The Bank of England is expected to hike interest rates for the fifth time in a row, but experts warn that any hesitation could help push the price of petrol higher for squeezed British drivers.
The Bank of England is widely predicted to increase its base rate from 1%, already the highest in 13 years, to 1.25%.
It would be the first time since January 2009 that the rate has been higher than 1%.
The nine-person Monetary Policy Committee (MPC), which sets the rate, will announce its decision on Thursday.
They will want to rein in inflation, which has hit highs not seen for decades.
“The Bank of England faces a stern test of its mettle at the next interest rate decision, and any hesitation is likely to result in the pound being punished on the currency markets,” said Laith Khalaf, head of investment analysis, AJ Bell.
Such a drop would mean that the price of petrol and diesel, and other imports that the UK pays for in dollars, would rise.
This month the average price of filing a family car topped £100 for the first time.
Any further jump is unlikely to be welcomed by drivers.
There are many indications that the Bank might hike rates.
The MPC has voted for a rise in each of the last four meetings, in December, February, March and May.
Last time three out of nine members of the Monetary Policy Committee already voted for rates to be set at 1.25%.
However, some things have changed since then.

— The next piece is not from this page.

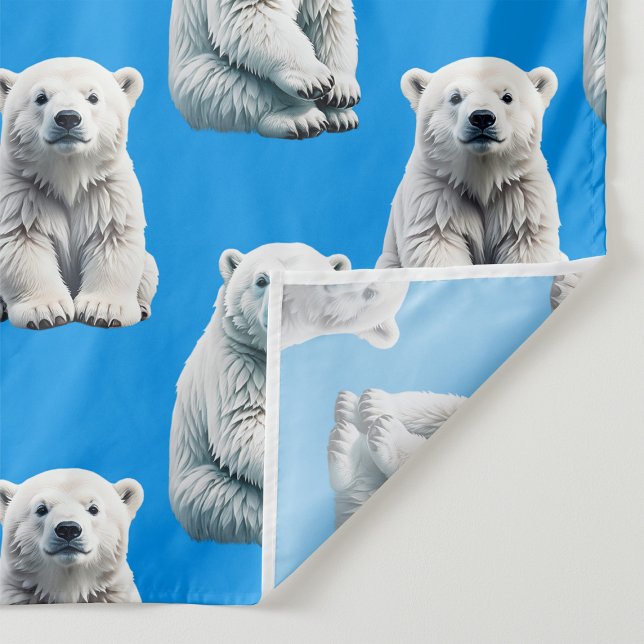 Tecido Desenho de padrão de urso polar azul (Criador carregado)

The UK economy looks set to struggle, with an OECD forecast predicting it will be the weakest in the Group of Seven (G7) next year.
“By raising interest rates, the Bank is putting the brakes on an economy that is already slowing of its own accord.
“That risks the economy stalling, or worse, going into reverse.” Mr Khalaf said.
The Bank has been given a little more wriggle room by the Chancellor, who is set to funnel billions to struggling households to help them deal with soaring energy bills.
An interest rate raise will eat away at some of this handout because the cost of borrowing will go up for homeowners.
But equally, drivers would suffer if rates are maintained and savers will benefit from a hike.